A model of Patton’s command vehicle. Patton lived in a trailer and moved with his troops during most of World War II, unlike other US generals who mostly stayed in hotels. Patton was an RVer before there were RVs.
The Patton Museum has an extensive World War II small arms display. I could have spent half a day just viewing this part of the Museum. I’ll be back.
The Patton Museum’s small arms display included this beautiful Model 1917 Colt .45 ACP revolver.  Most of the surviving specimens you see today (when you see them at all; they are not very common) have a Parkerized finish. This one has the original blued finish. I own a Colt 1917; mine has the original finish, too. There’s quite a story behind these revolvers.
A beautiful British Infantry Lee Enfield No. 4 rifle. I grabbed a photo of this one because it had an unusually attractive stock, something you don’t often see on infantry rifles.
A replica of General Patton’s ivory-handled Colt Single Action Army revolver. Patton carried different sidearms during World War II, including this Colt SAA and a Smith and Wesson .357 Magnum (also equipped with ivory grips). Patton’s Colt SAA had two notches carved in the left grip.  Then Lieutenant Patton was part of the Pershing expedition that chased Pancho Villa in Mexico from Fort Bliss (my old stomping grounds). Patton personally killed two men in a gunfight during that action.

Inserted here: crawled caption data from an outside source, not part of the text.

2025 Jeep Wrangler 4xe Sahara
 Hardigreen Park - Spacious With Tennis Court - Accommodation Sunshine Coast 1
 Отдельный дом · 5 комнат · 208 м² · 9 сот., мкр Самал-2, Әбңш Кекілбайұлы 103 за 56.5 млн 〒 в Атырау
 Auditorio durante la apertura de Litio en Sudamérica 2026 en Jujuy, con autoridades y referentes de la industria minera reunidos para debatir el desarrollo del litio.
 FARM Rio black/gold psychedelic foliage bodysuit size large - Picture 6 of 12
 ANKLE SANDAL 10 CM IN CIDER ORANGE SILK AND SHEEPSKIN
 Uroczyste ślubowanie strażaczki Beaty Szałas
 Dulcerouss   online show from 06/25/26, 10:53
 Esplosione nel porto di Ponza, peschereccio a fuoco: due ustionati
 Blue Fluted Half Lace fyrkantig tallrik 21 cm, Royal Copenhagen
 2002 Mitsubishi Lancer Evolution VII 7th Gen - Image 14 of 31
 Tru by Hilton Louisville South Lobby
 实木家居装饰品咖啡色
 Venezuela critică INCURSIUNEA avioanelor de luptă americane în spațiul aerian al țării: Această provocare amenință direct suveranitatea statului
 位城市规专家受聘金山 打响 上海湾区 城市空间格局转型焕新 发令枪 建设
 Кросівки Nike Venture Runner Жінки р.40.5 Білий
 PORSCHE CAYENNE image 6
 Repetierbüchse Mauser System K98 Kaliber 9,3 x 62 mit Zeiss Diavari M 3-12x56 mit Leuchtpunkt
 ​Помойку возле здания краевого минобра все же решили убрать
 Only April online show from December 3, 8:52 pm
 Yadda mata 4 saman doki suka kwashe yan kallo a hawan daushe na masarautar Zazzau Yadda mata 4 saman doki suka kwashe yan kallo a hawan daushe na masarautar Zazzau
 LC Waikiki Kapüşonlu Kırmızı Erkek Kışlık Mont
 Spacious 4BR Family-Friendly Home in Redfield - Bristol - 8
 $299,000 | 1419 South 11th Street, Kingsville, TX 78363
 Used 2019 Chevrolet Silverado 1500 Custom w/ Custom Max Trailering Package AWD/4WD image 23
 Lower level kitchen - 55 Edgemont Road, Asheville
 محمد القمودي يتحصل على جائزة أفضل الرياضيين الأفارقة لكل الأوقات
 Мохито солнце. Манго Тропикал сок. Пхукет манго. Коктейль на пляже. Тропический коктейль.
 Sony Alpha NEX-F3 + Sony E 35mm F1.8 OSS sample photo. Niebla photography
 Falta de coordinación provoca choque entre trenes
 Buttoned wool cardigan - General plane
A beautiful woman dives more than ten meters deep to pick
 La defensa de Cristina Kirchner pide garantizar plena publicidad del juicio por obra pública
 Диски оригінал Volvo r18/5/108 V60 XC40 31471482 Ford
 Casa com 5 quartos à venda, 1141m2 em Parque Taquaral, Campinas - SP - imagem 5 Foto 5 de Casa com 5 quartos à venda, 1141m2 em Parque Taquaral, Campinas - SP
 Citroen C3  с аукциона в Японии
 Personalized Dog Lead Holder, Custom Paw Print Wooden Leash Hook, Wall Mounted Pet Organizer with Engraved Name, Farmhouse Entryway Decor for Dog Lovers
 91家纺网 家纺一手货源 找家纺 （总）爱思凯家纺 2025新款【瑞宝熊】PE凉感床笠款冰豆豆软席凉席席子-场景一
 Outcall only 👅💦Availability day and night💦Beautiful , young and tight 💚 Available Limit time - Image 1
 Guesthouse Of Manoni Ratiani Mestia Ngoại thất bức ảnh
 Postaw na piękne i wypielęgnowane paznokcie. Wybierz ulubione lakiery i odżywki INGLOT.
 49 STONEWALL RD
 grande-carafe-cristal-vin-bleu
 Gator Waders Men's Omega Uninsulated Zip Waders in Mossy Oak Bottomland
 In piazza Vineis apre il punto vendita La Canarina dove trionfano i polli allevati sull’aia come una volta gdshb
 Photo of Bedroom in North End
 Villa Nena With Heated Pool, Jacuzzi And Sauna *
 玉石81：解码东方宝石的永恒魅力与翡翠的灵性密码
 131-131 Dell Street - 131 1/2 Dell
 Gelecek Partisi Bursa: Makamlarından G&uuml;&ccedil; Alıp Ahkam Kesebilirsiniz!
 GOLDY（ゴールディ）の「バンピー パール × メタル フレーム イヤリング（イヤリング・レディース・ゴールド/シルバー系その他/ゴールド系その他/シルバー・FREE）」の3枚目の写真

There’s no doubt about it: Patton was the real deal, a genuine warrior.

In addition to the General Patton Memorial Museum, there are several businesses the Chiriaco family operates at Chiriaco Summit, and the reach of this impressive family is four generations deep.  As we mentioned earlier, it’s a story that can’t be told in a single article, but Margit was kind enough to give us a copy of Chiriaco Summit, a book that tells it better than I ever could.  You should buy a copy.  It’s a great read about a great family and a great place.

I enjoyed Chiriaco Summit immensely. That’s Joe Chiriaco in the lower left photo, and Ruth Chiriaco in the upper right inset. Margit Chiriaco Rusche, their daughter, is seated in the 1928 Model A.  Fourth-generation Victor (whom we met) runs a vintage car header company at Chiriaco Summit.  Victor is the young man standing behind Margit.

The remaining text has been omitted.